Araki and colleagues published their initial positive results with IL-6R blockade in 36-year-old female patient with NMO and multiple relapses who had previously failed treatment with IFNβ, low-dose prednisone, and azathioprine. She received IV tocilizumab 8 mg/kg monthly for 6 months. Relapses ceased apart from one minor case and her EDSS improved from 3.5 to 2.0 . Kieseier et al. describe a 34 year-old female with NMO, who continued to have relapses despite therapy with rituximab and alemtuzumab. She received IV tocilizumab 8 mg/kg every 4 weeks. Her EDSS improved from 8.0 to 4.0 in 2 months, and the patient was ambulatory with EDSS score of 2.5 after 1 year . Ayzenberg et al. presented a case series of 3 patients with aggressive NMO despite complete CD-20 cell depletion from rituximab therapy. The patients were initiated on tocilizumab 6 mg/kg every 4-6 weeks. Their median annualized relapse rate (ARR) decreased from 3.0 to 0.6 [18,19].
These promising studies have led to a multicenter randomized controlled trial evaluating a new IL-6 receptor antagonist, SA237. Similar to toculizumab, this is a humanized anti-human IL-6R neutralizing monoclonal antibody, which has a longer plasma half-life. The study is a Phase III multicenter, randomized, double-blind, placebo-controlled study which compares the efficacy and safety of SA237 to placebo in patients with NMO and NMOSD. The study’s primary objective is to demonstrate the efficacy of SA237 relative to placebo in delaying time to first relapse in the double-blind period. The study population will consist of patients aged 18 to 74 years with a diagnosis of NMO or NMOSD. The full trial is planned to enroll approximately 70 patients.

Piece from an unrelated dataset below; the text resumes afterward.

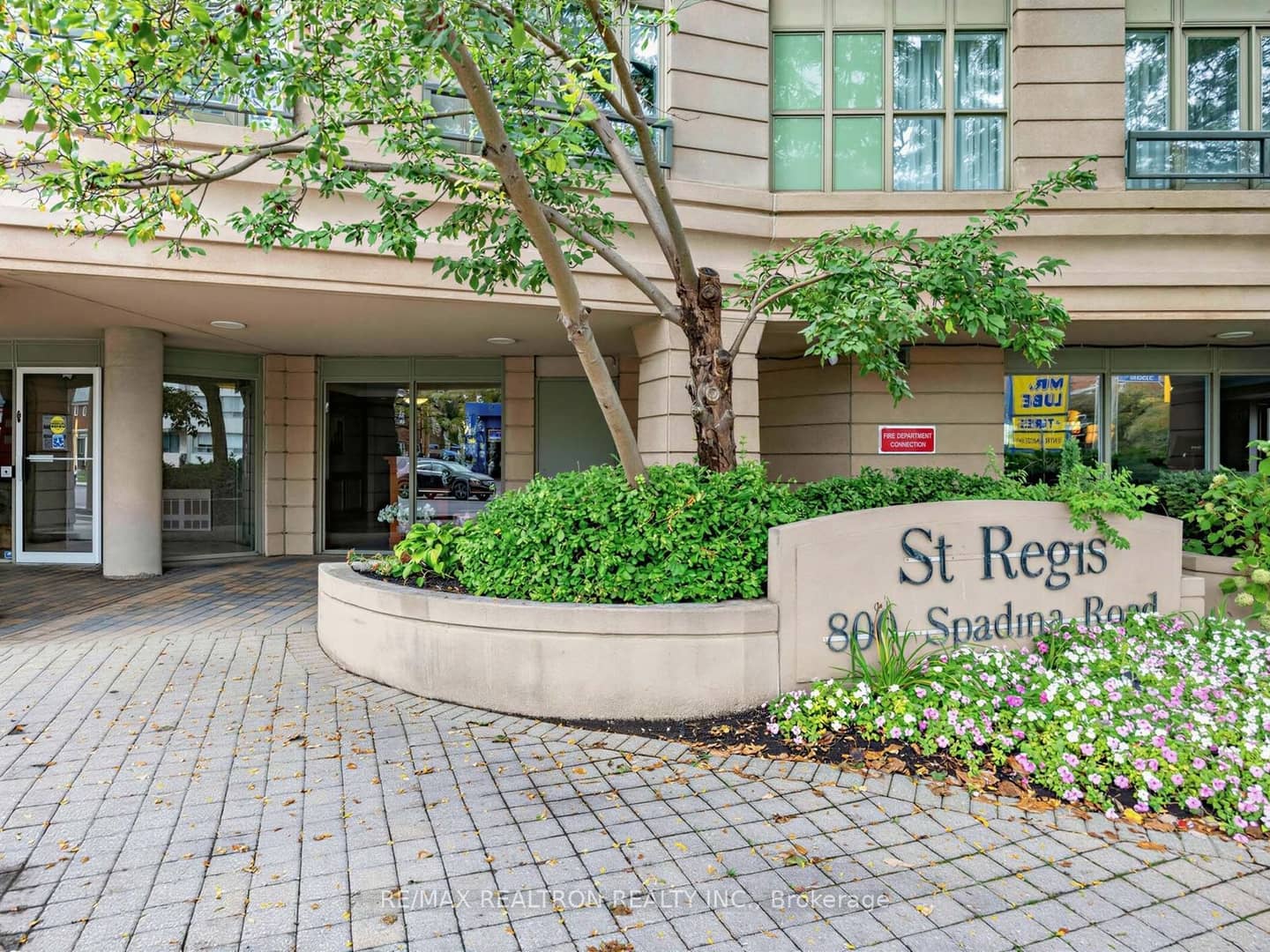 800 Spadina Road 302, Toronto, ON M5P 3N2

This trial opens the doors for investigational trial of SA237 in patient with NMO and could lead to a very effective treatment for NMO. Anti-IL-6R treatment may also hold promise for treatment of MS since the drug’s mechanism of action may be by blocking the IL-6R on immune modulator cells such as B cells and T cells. In doing this it may cause an inability for the cells to respond the way they normally might in both NMO and MS patients. In MS, the Th17 cells are thought to contribute significantly to the disease pathology. Since anti IL-6 has been shown to have effect an on the Th17 cells, therefore it is very plausible that it can affect the Th17 population in MS patients. A reduction in this population could lead to a decrease in the pathogenesis of MS.

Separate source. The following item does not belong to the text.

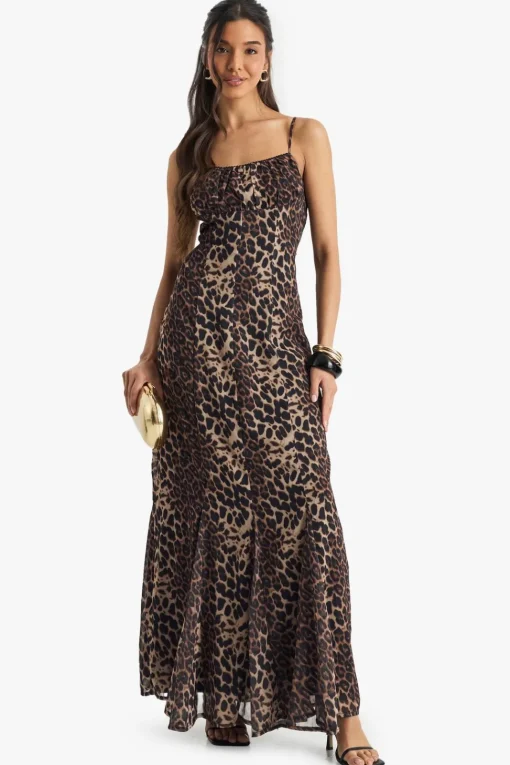 Leopard Printed Godet Hem Slip Dress | Nasty Gal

In the past decade, our understanding of the pathogenesis and immunological basis of neuromyelitis optica has improved substantially. It is an exciting time for neuromyelitis optica research as this knowledge may lead to new therapies that will transform this debilitating disease the way that the multitude of new agents for multiple sclerosis has changed its clinical practice. Moreover, we hope that IL-6 receptor antagonist may have applications in the treatment of multiple sclerosis as well. In this article, we reviewed that IL-6 receptor may serve as an important target for treatment of neuromyelitis optica. A multicenter clinical trial evaluating of the efficacy of IL-6 receptor blockade in preventing NMO relapse is currently ongoing. We hope a newfound molecular understanding of NMO will pave the way for drug development and provide a much-needed solution to individuals affected by neuromyelitis optica.